Saturday, 12 May 2012

April showers

Spring, which seemed to explode upon us in March, slowed to a dawdle through April.  Cool, wet weather dampened the enthusiasm of plants and animals alike.  Trees and flowers slowed their growth.  The tulips, which at first seemed likely to bloom well before our annual festival, politely declined to appear until the start of May.  A flotilla of red admiral butterflies sailed into the City on a tide of warm, southern air, then floundered in a late gust of winter.  The birds stopped moving through the area, and those that had already arrived hunkered down.  The weather wasn't particularly unusual for April -- just such a contrast to the early promise of March.

Personally, the cold and damp pleased me after last year's drought.  The early thaw in March had brought the spring freshet at least two weeks earlier than usual; ice had vanished from the lakes in Algonquin Park at the beginning of April; the Conservation Authorities had already begun talking about water conservation.  Instead, the Rideau River has run high through April, and the wetlands brim with water.

I did get outside a few times in April, mostly for work.

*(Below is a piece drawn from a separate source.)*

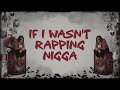 Moneybagg Yo - Still (Official Lyric Video)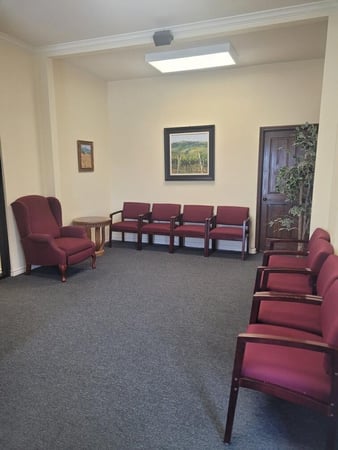 Images LifeStance Therapists & Psychiatrists Killeen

I took this last photograph in the Upper Poole Creek Wetland, along the Trans-Canada Trail just west of Stittsville.  A first for me.  Shivering in the cool mist, after scanning the marsh in vain for anything of interest, I became aware of a quiet peeping.  I moved a few feet down the trail, and in a few moments spotted a woodcock sitting and calling from a log.  I've heard woodcock, of course, in the evenings over marshes and wet fields:  the winnowing of their wings as they dive in display flights.  But I'd never seen one before, and never expected to see one sitting miserably in the open.  Apparently, I wasn't the only creature discouraged by the cold.